2002 is the first year for Ainsworth to go public. One of issues is that delays in licensing, due to statutory probity examinations on new directors and new unexpected requirements regarding harm minimization in NSW, limited the company's ability to sell machine in major jurisdictions. Another is that the regulatory requirements and market driven issues prompted the company to undertake technical upgrades the platform for all installed machines.
             3. Financial Analysis:.
             3.1/ Liquidity.
             Liquidity is of vital importance in the area of financial risk or solvency, which refers to the ease with which assets can be converted to cash in the normal course of business. Many of businesses have gone bankrupt because of cash flow problems in particular liquidity, therefore the term of current ratio and liquid ratio are used to compare the abilities to pay short term (current) debt between two different companies.

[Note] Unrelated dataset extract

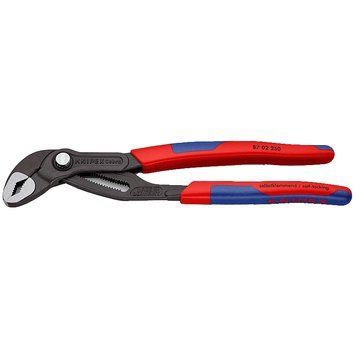 KNIPEX Cobra 87 02 250 Cантехнічні кліщі 99-10025974 фото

             Firstly, current ratio is a measure of how much liquidity the company has, this is simply the current asset divided by the current liabilities. As showed in figures below, Aristocrat's current ratio of 1.77 is normally sufficient to meet near-term operating needs as a general rule, A current ratio that is too high as 5.64 of Ainsworth can suggest that company is holding assets instead of using them to grow the business. Actually, that could not the worst thing for the business, but potentially could impact long-term returns. .

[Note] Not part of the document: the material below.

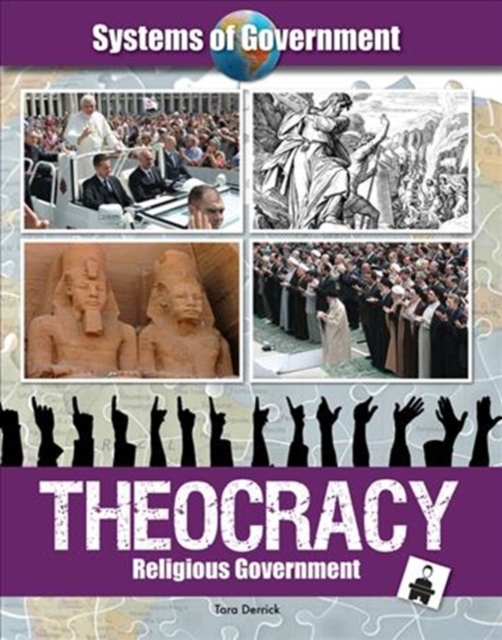 Theocracy: Religious Government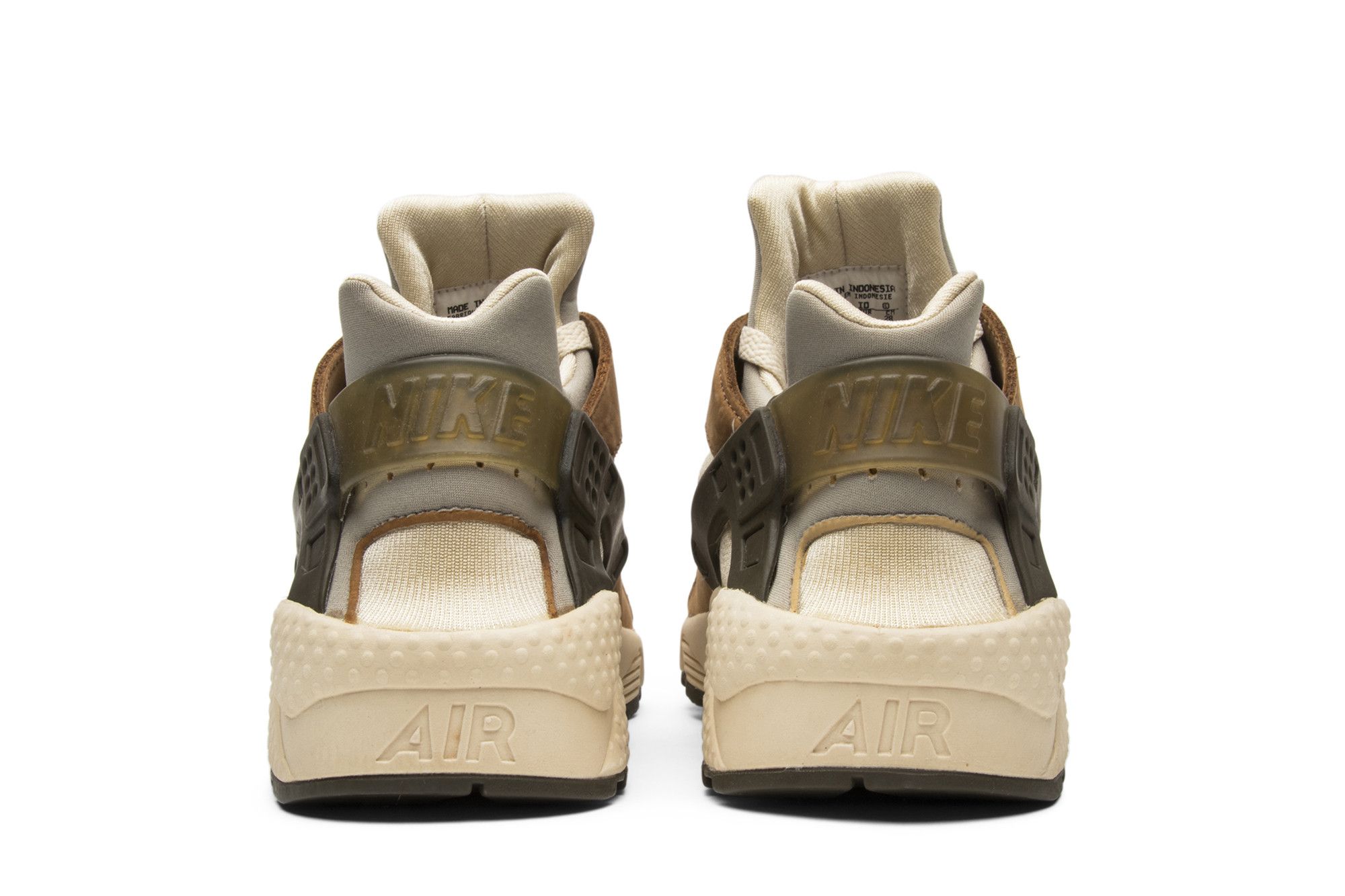 stussy huarache 2000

             Item / Company Name Aristocrat ($K) Ainsworth ($K).
             Current ratio 1.77:1 5.64:1.
             Inventories/current asset 1/3 1/2.
             Quick ratio 1.2:1 2.8: 1.
             Furthermore, the quick ratio is simply current assets minus inventories divided by current liabilities. By taking inventories out of the equation, the liquid ratio helps to check and see if a company has sufficient liquid assets to meet short-term operating needs or there are sufficient assets which are readily convertible to cash to meet debts.